Database listener health
Postgres 5432, MySQL 3306, Redis 6379. Application-level checks tell you the connection pool is healthy. A TCP probe tells you the actual listener is.
Internal microservices
An RPC service on port 9000 inside your VPC. Run a TCP probe from our regions (with a bastion or public LB) to confirm it's reachable end-to-end.
How the setup looks.
Same flow as HTTP: add a monitor, set host and port, attach alert rules. Flat rate per monitor; extra regions and channels do not add line items.
Same auth, same alert rules, same status pages as every other monitor type.
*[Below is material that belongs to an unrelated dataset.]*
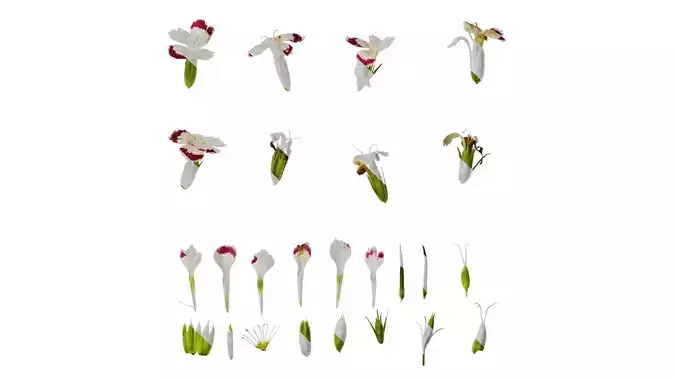 Anydrafts Dianthus olivia Flower 01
See all 6
Add host and port
SMTP, Postgres, Redis, or any service that speaks TCP. Pick regions, probe interval (30s default), and timeout.
Regional consensus
We require regional consensus by default. One flaky PoP never pages on-call.
See the failure mode
Connection refused, timeout, and reset are stored separately on the incident so you can triage without re-running the check.
FAQ
- Do you check TLS for TCP monitors?
- Use the SSL certificate monitor for cert expiry and chain validation. The TCP probe is a plain handshake, useful for non-TLS ports too.
- What about UDP?
- Not supported today. Most uptime-relevant UDP services (DNS, NTP) have higher-level probes that are more useful. Use the DNS monitor for DNS.
- What's the default probe interval?
- Configurable per monitor: 30s, 1m, or 5m. The default is 30s. Probe cadence is included in the flat per-monitor price.